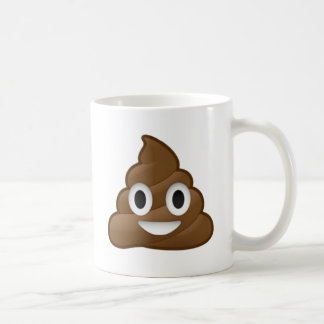 Das Lächeln kacken Emoji Tasse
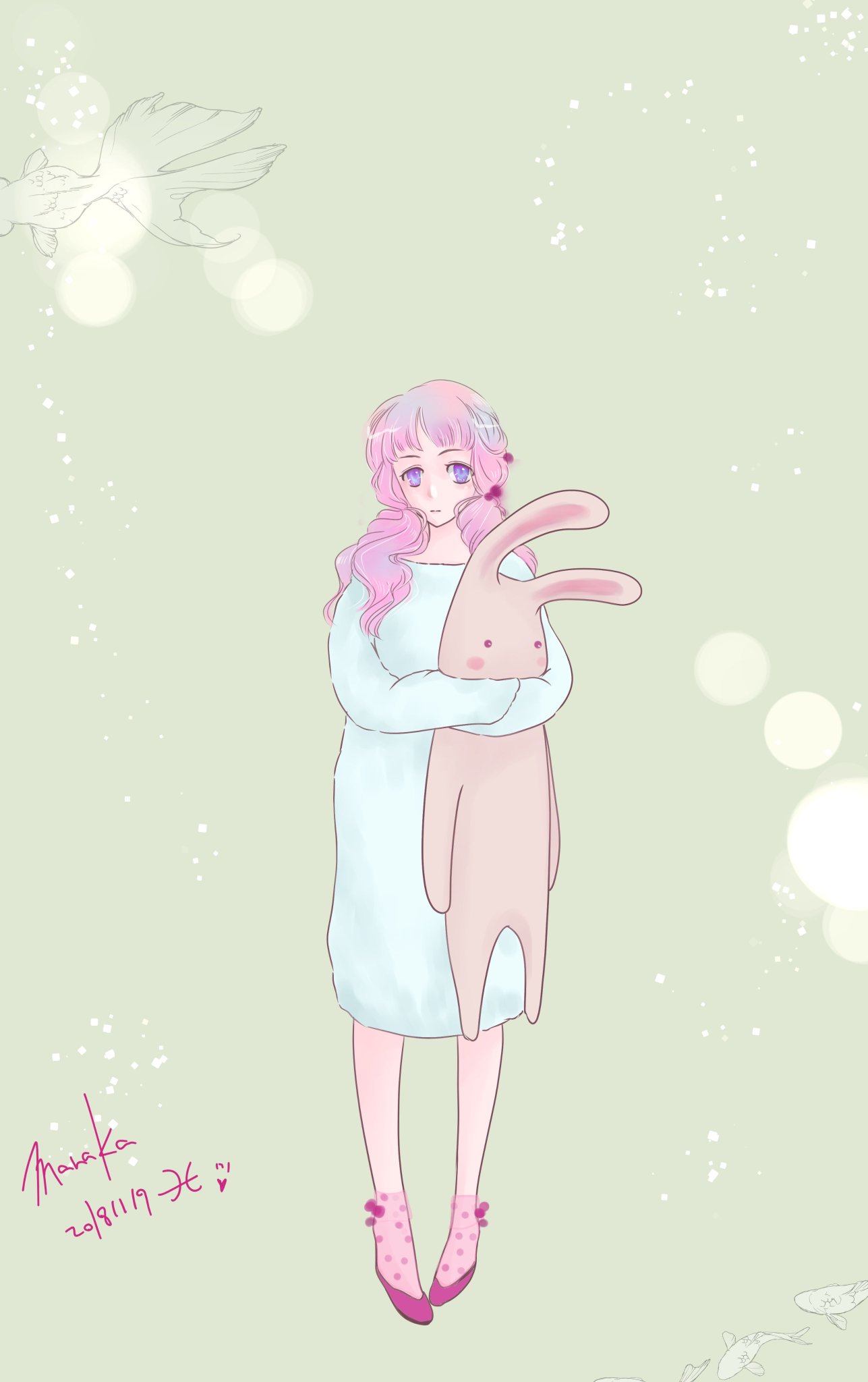 Y Manaka 七嶋ナオ 女の子はこんな感じ 天体擬人化 12星座擬人化 水瓶座 牡牛座 魚座
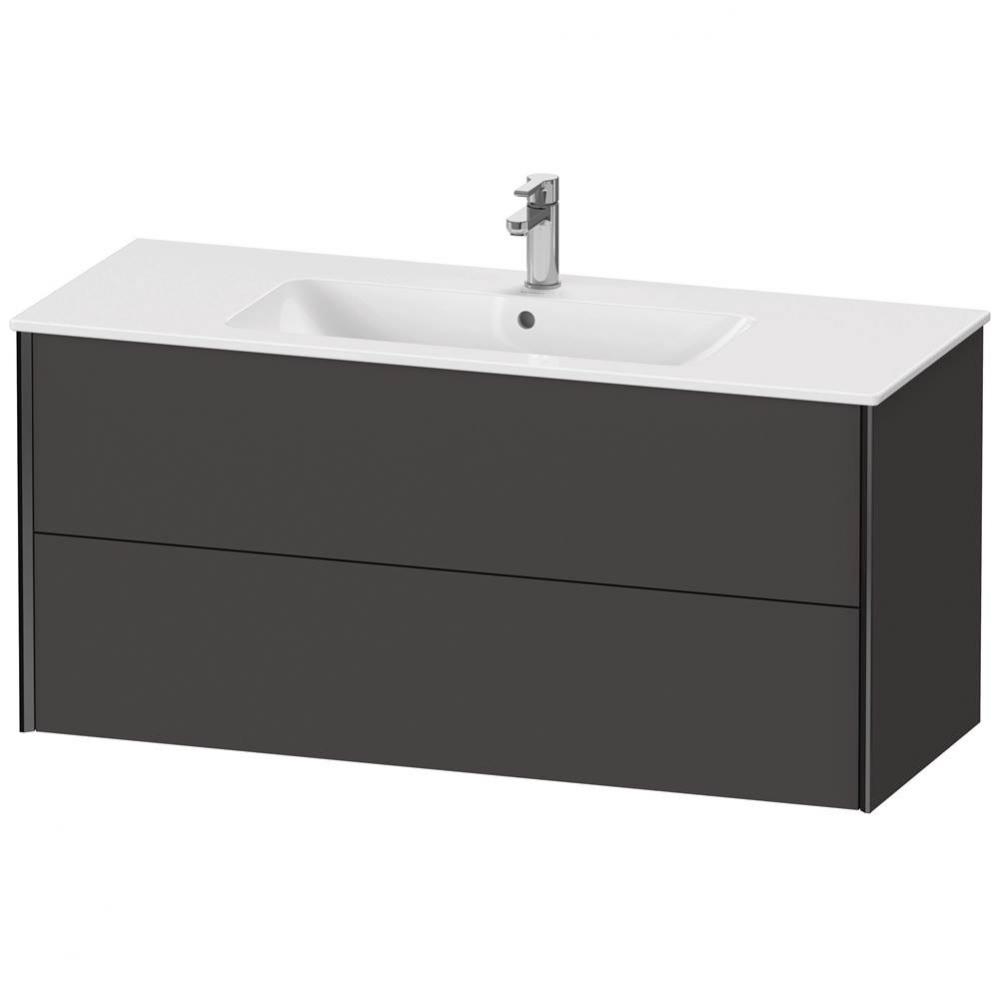 XViu Two Drawer Wall-Mount Vanity Unit Graphite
==*==
An exact copy of the whole listing is required, minus the pictures.

 Das Lächeln kacken Emoji Tasse
 Y Manaka 七嶋ナオ 女の子はこんな感じ 天体擬人化 12星座擬人化 水瓶座 牡牛座 魚座
 XViu Two Drawer Wall-Mount Vanity Unit Graphite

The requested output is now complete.